**Provided records**.
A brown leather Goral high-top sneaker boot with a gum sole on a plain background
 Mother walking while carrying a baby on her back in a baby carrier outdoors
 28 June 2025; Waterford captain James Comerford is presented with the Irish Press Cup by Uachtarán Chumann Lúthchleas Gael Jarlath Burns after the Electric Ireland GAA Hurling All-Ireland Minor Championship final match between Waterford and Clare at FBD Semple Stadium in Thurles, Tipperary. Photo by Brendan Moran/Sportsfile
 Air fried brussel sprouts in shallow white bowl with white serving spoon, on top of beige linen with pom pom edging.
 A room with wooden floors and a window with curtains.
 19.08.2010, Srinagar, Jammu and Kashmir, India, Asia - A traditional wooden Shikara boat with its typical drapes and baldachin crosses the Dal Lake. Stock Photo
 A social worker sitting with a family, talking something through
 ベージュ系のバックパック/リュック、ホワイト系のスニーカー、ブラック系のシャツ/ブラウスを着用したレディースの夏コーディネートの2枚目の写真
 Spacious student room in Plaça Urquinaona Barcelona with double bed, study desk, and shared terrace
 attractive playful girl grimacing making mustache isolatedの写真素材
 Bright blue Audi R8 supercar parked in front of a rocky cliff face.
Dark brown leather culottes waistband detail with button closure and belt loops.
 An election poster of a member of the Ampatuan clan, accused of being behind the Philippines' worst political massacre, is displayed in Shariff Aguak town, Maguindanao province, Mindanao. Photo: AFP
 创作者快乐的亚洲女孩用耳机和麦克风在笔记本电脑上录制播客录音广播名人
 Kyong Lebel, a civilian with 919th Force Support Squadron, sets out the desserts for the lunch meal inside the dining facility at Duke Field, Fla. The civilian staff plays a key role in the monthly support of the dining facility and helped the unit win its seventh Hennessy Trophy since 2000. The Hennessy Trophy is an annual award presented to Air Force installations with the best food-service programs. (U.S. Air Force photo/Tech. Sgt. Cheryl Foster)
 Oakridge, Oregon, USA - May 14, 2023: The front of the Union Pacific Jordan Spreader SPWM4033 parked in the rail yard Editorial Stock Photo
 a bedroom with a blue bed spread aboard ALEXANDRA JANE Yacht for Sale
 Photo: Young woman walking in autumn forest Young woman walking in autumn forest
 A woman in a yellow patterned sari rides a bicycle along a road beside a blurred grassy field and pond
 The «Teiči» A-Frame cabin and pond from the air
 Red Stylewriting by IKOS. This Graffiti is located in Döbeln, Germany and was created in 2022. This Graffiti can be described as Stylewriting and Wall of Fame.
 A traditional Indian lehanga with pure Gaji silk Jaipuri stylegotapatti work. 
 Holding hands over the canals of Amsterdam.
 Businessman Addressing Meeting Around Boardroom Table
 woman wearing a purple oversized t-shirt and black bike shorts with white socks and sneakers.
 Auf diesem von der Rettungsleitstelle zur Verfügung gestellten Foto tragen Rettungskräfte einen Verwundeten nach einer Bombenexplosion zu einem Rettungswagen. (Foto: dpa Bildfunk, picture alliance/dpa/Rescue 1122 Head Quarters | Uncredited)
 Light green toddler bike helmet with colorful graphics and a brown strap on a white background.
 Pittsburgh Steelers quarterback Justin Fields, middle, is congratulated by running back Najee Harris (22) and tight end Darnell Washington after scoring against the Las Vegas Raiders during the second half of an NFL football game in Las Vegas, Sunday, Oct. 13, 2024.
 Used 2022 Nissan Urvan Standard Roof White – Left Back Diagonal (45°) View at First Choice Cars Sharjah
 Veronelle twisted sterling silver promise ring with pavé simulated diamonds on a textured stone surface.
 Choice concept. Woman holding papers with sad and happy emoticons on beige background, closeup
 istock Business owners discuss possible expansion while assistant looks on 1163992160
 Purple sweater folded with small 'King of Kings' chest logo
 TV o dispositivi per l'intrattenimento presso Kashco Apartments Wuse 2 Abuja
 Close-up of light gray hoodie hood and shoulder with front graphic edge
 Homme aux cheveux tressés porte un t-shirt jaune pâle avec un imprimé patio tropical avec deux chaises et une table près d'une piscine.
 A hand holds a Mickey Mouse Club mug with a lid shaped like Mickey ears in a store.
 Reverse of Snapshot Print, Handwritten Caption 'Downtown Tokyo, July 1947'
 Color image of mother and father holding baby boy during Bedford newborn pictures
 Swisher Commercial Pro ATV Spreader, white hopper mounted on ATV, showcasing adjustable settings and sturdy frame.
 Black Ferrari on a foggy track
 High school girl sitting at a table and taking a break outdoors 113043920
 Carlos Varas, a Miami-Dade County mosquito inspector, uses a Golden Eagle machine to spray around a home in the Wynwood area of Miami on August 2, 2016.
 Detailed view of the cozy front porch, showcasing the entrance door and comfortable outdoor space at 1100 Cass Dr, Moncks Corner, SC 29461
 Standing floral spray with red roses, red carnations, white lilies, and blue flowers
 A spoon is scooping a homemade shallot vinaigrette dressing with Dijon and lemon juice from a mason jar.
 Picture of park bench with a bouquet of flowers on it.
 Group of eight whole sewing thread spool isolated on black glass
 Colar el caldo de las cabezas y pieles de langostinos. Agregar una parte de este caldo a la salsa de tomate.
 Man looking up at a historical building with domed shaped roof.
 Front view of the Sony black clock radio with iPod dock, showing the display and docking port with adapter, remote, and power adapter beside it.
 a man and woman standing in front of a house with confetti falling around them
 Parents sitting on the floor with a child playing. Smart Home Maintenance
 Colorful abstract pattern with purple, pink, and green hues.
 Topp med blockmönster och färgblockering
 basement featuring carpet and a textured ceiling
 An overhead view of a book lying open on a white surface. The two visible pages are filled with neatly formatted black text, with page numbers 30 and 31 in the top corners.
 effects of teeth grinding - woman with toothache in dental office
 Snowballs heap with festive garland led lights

**To do**. The required answer is the run of lines above, starting at the line with "Close-up of light" and ending at the line with "Color image of", reproduced exactly with both ends.

**Expected output**.
 Close-up of light gray hoodie hood and shoulder with front graphic edge
 Homme aux cheveux tressés porte un t-shirt jaune pâle avec un imprimé patio tropical avec deux chaises et une table près d'une piscine.
 A hand holds a Mickey Mouse Club mug with a lid shaped like Mickey ears in a store.
 Reverse of Snapshot Print, Handwritten Caption 'Downtown Tokyo, July 1947'
 Color image of mother and father holding baby boy during Bedford newborn pictures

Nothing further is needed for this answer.